Junior Seau played on the NFL's #1 defense and led the NFL with 15.5 stuffs, he seems like he would have been a good choice for DPOY. Michael Strahan had 15 sacks (one less than White) and 8 stuffs a pick-six, though he was not part of a top defense.

White's teammate LeRoy Butler might have been just as good a choice as White. Bryant Young, in my view, was having a Defensive MVP-type season in 1998 until he broke his leg in the twelfth game of the season. Darrell Russell of the Raiders finished with 10 sacks and 12.5 stuffs and was a consensus All-Pro and was worthy of consideration.

As a young player with the Seahawks, Michael McCrary was described as having "a motor". Surely the term had been used before but it was the first time I remember a player being tagged with that moniker repeatedly on telecasts.

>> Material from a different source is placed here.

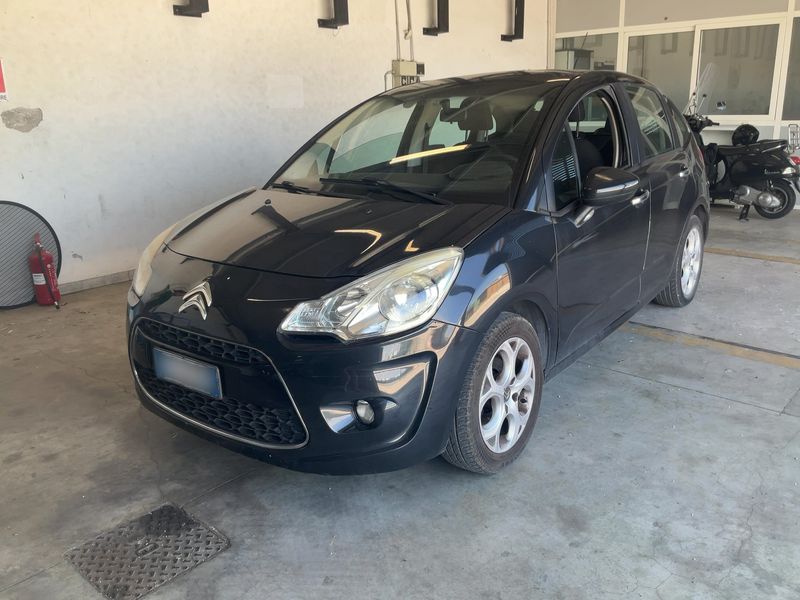 Citroen C3 1.4 Perfect 2011 – снимка 1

Now, you hear it about scores of players, but in my mind, McCrary was the original "high motor" player. In 1998 he recorded 13 stuffs and 14.5 sacks for the Ravens and made 66 solo tackles and had a total of 72 tackles. He was not a Consensus All-Pro that year but in the players poll by Sporting News, he was a First-team All-Pro (a great example of why the "AP only" approach is silly). The NFL player recognized that McCrary was more effective in run defense and still was just 1.5 sacks short of White.

It's difficult to know who had the best year, there was not J.J. Watt 2012-type year among NFL defenders in 1998 and I am aware most AP voters in 1998 would not have known where to find the "stuffs" statistics (Stats, LLC) and there was not the NFL Replay All-22 films to review, so this is not a criticism of the voters per se, it's just a review of the votes and questioning if the right player was chosen.


  1. How good was Bryant Young? Admittedly, I have not seen much video of him.

    1. He was great, better than Sapp. Sapp had better explosive first step, and was at his peak, a better pass rusher, but Young a good pass rusher and superior in run stopping

  2. Do you boys here at PFJ think John Randle deserved to be inducted into the HOF? I've heard his run-stopping skills were horrible.

    1. I think it was less that he was horrible than that he didn't even try. I've lambasted Dwight Freeney for overuse of the spin move because you lose sight of the play in front of you, Randle actually used a spin - frequently - at DT. The center of your line should not be facing your own end zone that frequently.